# WHAT TO WORK ON
Exactly the lines from the one holding "nordstrom rack michael" to the end of the listing, both ends included, make up the expected answer.

# SUPPLIED RECORDS
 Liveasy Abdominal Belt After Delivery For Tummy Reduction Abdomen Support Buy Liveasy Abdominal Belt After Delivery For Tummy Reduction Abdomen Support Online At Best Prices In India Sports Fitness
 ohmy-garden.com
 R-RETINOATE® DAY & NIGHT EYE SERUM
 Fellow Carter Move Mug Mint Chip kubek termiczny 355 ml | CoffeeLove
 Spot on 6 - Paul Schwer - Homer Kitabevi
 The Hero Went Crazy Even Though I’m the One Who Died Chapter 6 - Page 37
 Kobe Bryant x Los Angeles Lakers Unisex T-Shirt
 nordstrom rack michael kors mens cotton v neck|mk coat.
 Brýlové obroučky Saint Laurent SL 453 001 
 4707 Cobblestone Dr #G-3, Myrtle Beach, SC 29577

# RESPONSE FOR THIS EXERCISE
 nordstrom rack michael kors mens cotton v neck|mk coat.
 Brýlové obroučky Saint Laurent SL 453 001 
 4707 Cobblestone Dr #G-3, Myrtle Beach, SC 29577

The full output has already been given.